Wednesday, January 30, 2013

Stuff

I have had a lot of stuff on my mind the last several days.  I guess it would be the last couple of weeks.  I'm so tired of death and sickness.  Can we please just have some happy times now?

My sister lost her baby a couple of weeks ago.  She was so sad, of course, and I was sad for her and her husband and kiddos.  Having a baby growing inside you and then having it die is traumatic.  They are doing well though.  They have their beliefs and their faith and that is getting them through.

My friend Steve passed away last Friday.  It was sudden, unexpected and sad.  He was only 29 years old.  I've been in contact with a couple of his squad mates who are also friends.  They are doing well, but that doesn't stop me from worrying about them.  The funeral is Saturday.  I hate funerals, I really do.  And I hate going to those kind of things by myself.  You would think after 8 years I would be past that.  I'm not. 

Another friend lost her dad on the same day.  It's hard to lose a parent.  I lost my stepdad 10 years ago.  That was hard even though it was a blessing for him since he had been sick for a long time.  Doesn't make it easier.  I dread the day when I will lose my parents and stepmom.

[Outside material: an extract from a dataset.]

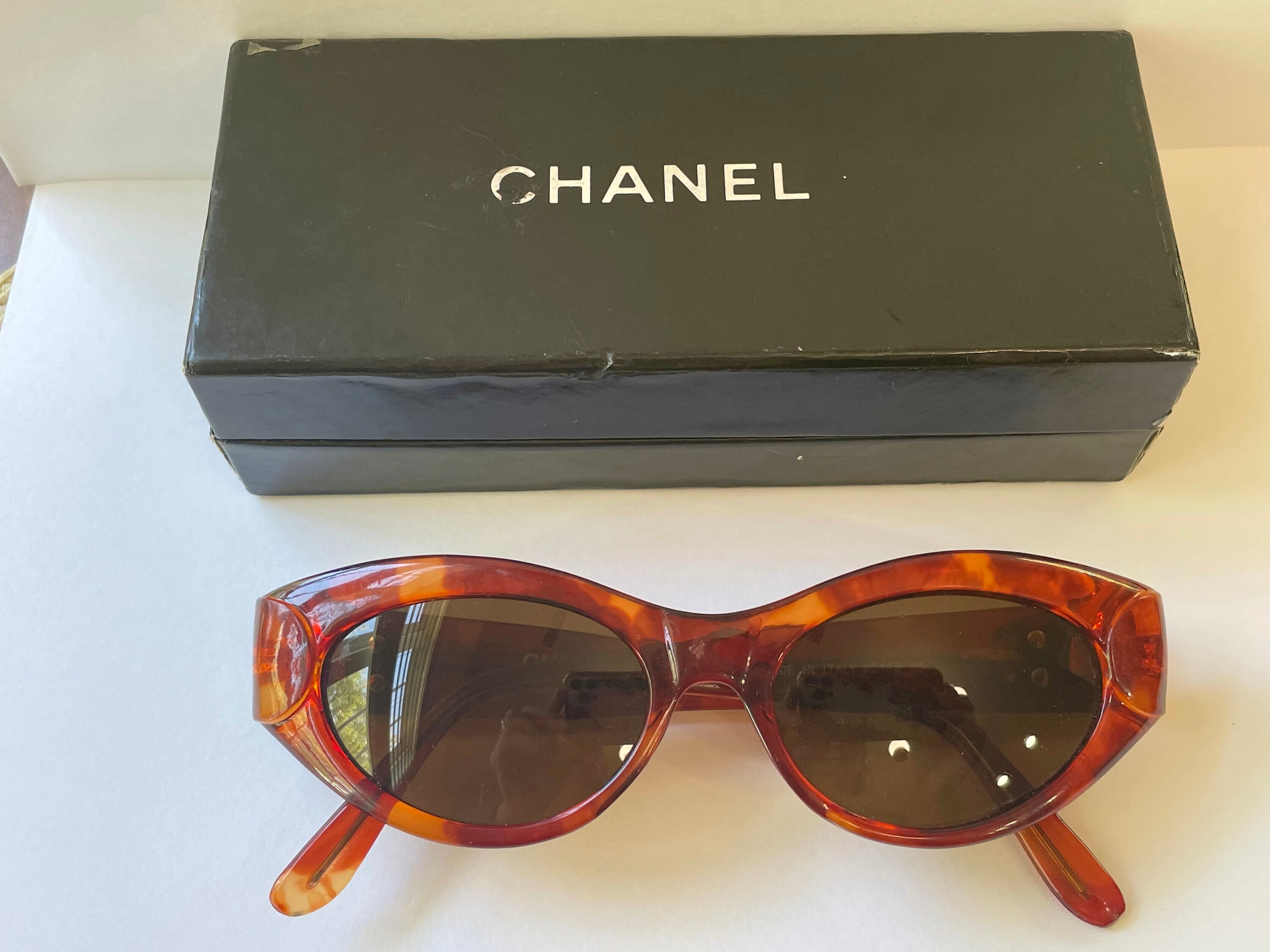 Vintage Chanel Sunglasses Faux Tortoise Frame Original Box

Someone I know lost their grandma, another friend lost their grandpa. 

A friend had a mini stroke, another girl I know had appendicitis.  Sheesh...enough already! 

I did have a friend have a baby a couple weeks ago, so that is happy news.  There are more babies that are due in the next couple of weeks.  It's time for the happy and joyful things to happen! 

I have a purse order I need to get done, a craft fair coming up a week from Sunday, a poem I have half way done about my friend Steve and I'm stuck with writer's block, designs for new purses I want to try, I want to start exercising again, but I'm afraid to, my son's broken phone and the replacement phone was broken too.  You see, just a lot of stuff!!  Can someone turn it off???????